2022-11-08 18:11:12 | その他

人生最期の4か月の日記である。意識的に綴った。これが本当の声。作家として出来ることをする。というか、したいことをする。書き続けることが作家としての生き方だから。書いていたいと思ったんだ。毎日何を思い何を感じたか。フィクションではないほんとうのことを、ありのままに書く。今はもうそれしかできない。でも、それは彼女の書く最後の作品だ。自分のために書いている。自分と夫との最後の日々。自分が死んでも彼は残される。世界も終わらない。ちっぽけな自分の命の終わり。58歳は短い。90まで生きるつもりだった。なのに、死ぬことになった。受け入れるしかない。いやだ、と拒絶できるなら誰でもする。残された時間は4か月。せめて120日以上は生きなくっちゃ、と思う。でも、せいぜい120日。余命宣告は非情か、優しいか。ゆっくりと、みんなにさよならを言う。心の中で。

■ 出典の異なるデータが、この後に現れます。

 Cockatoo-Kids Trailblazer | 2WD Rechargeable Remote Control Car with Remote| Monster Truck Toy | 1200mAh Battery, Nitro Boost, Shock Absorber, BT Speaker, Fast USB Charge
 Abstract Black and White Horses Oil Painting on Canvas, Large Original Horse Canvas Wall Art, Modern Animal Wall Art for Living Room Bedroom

山本文緒はやがてこの日記を出版することを夢見る。誰のためか? 読者のため? 夫のため。自分のため。これは闘病日記ではない。カウントダウンしていく命と向き合うひとりの作家の仕事だ。これは彼女の最後の小説。小説なのにノンフィクションだ。嘘は書かない。書けるわけもない。自分の日々の記録。編集者に打診し出版のOKが出る。でも読者に向けて書くのではなく、自分のために書く。だから、それが僕たちの胸にストレートに届く。こんなにも素直に。

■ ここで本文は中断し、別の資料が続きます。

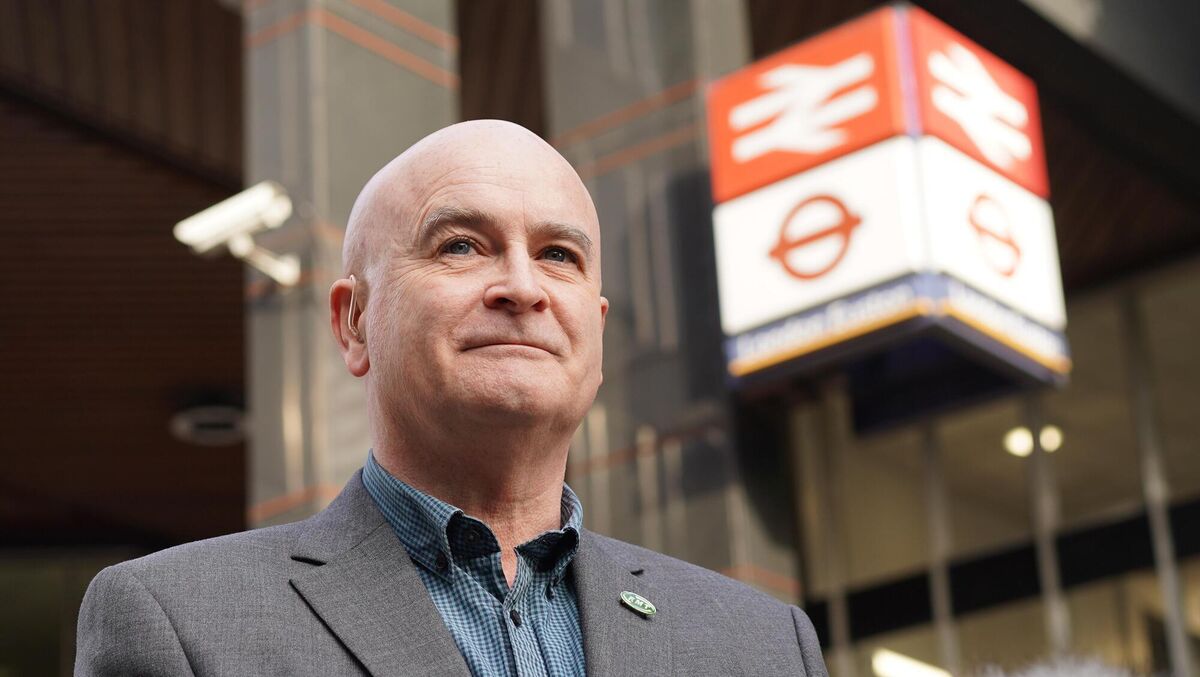 RMT general secretary Mick Lynch on a picket line outside Euston station in London, as members of the Rail, Maritime and Transport union begin their nationwide strike along with London Underground workers in a bitter dispute over pay, jobs, and conditions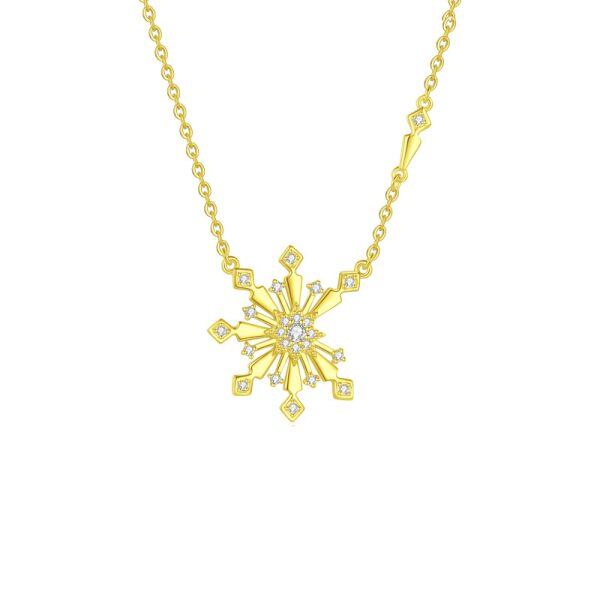 Sterling Silver Sparkling Snowflake Zirconia Pendant Necklace-0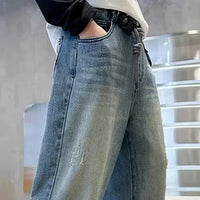 Boys Light Blue Scoop Pocket Denim Pants With Drawstring Pants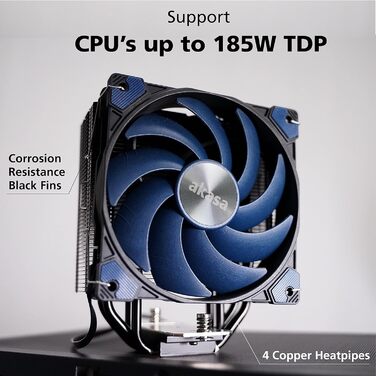 Кулер для процесора Akasa Alucia H4 Plus (LGA1700 Edition) з 120мм вентилятором, 4 теплові трубки, 185W TDP, для Intel LGA 2066, 2011, 1151, 1155, 1150, 1200, AMD AM4 AM5 Ryzen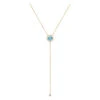 Ladies March Birthstone Customizable 14K Yellow Gold Diamond Aquamarine Y Necklace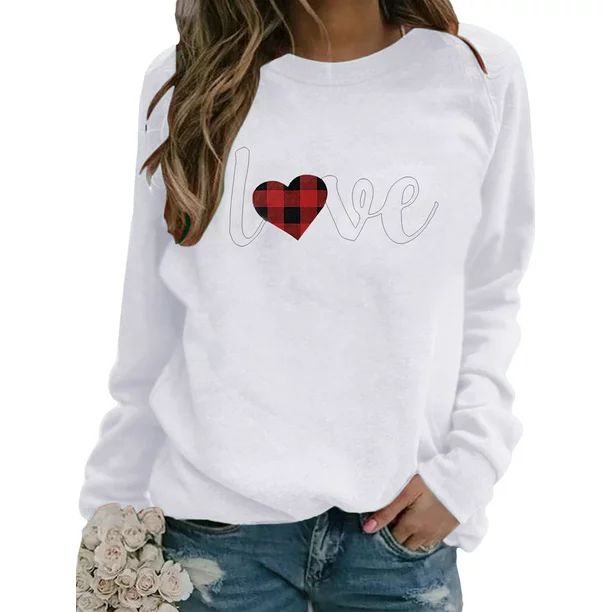 FeMereina Women’s Valentines Pullover Sweatshirt Heart or Letter Printing Round Neck Sweater | Walmart (US)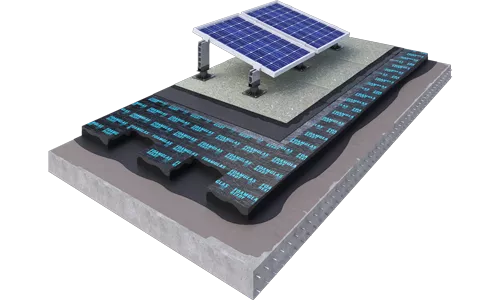 3D Build-up solar roof on concrete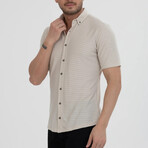 Striped Button-Down (Black Buttons) Short Sleeve Shirt // Beige (L)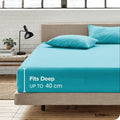 Hotel Quality Fitted Sheet - 1 Piece Fitted Sheet  -Breathable Bedding - Wrinkle, Fade, Stain Resistant- 16inch/40cm Deep Pocket Fitted Bed Sheet-Wrinkle and Fade Resistant,(Ice blue,Single)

なんなんだろうか、これは、と思う。読みながら、そのあまりの素直さに胸が痛かった。死と向き合い、自分にできることを全力でする。ささやかな幸せを願う。それだけ。昨年『ばにらさま』を読んだとき、感じたこと。その後、ようやく『自転しながら公転する』を読んだとき感じたこと。その背景にここで描かれることがあったのか、という事実。最期に何をするのか。もちろん、昨年の2冊が最後になるとは思いもしなかっただろう。でも、結果的にそうなったことから見えてくるもの。

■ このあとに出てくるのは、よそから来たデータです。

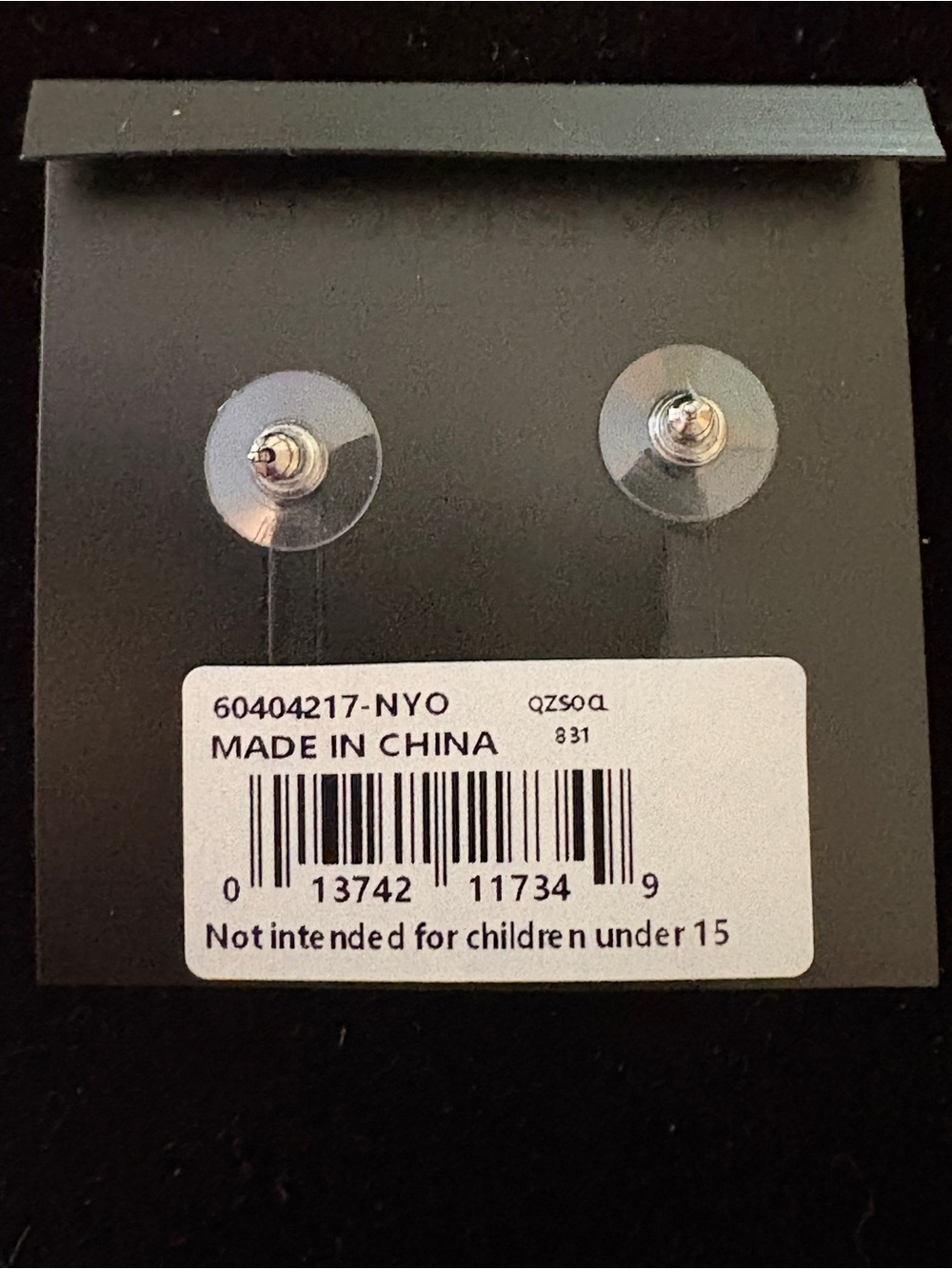 Givenchy Purple Crystal Cluster Stud Earrings Silver Tone NWT - Picture 3 of 4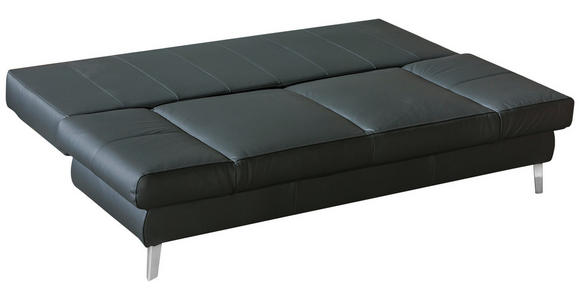 SCHLAFSOFA  in Echtleder Anthrazit  - Chromfarben/Anthrazit, KONVENTIONELL, Leder/Metall (200/85/90cm) - Novel
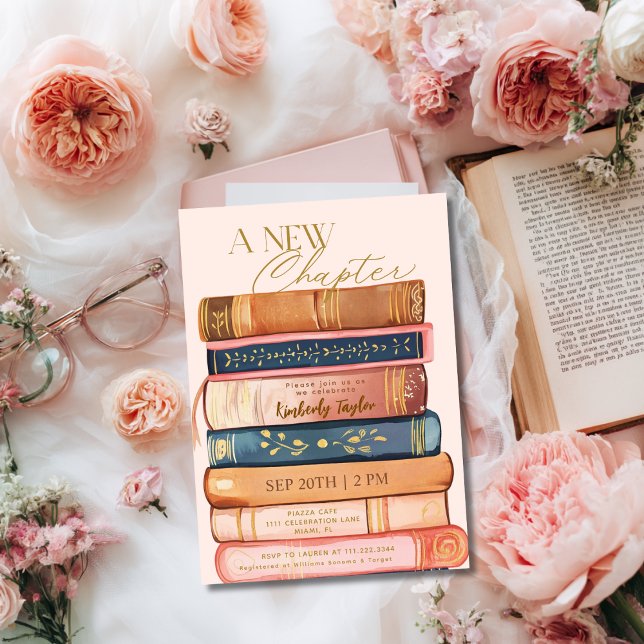 Invitation Bibliothèque de livres d'histoires Une nouvelle Fê (Créateur téléchargé)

2021年5月24日から10月4日まで。しかも最初は毎日欠かさず書いている。発表するあてもないままのスタートだった。4月に膵臓がんと診断され、しかもステージ4という末期で、いきなり始まったカウントダウンのなかで、それでも穏やかに過ごす時間の記録は美しい。最初は涙が溢れて止まらなかった。だが、読み進めるうちにそうじゃないな、と思い始めた。きちんと見守りたいと思った。彼女が生きた証のようなものが、ここには確かに刻まれている。これまで彼女が書いてきた小説と同様に。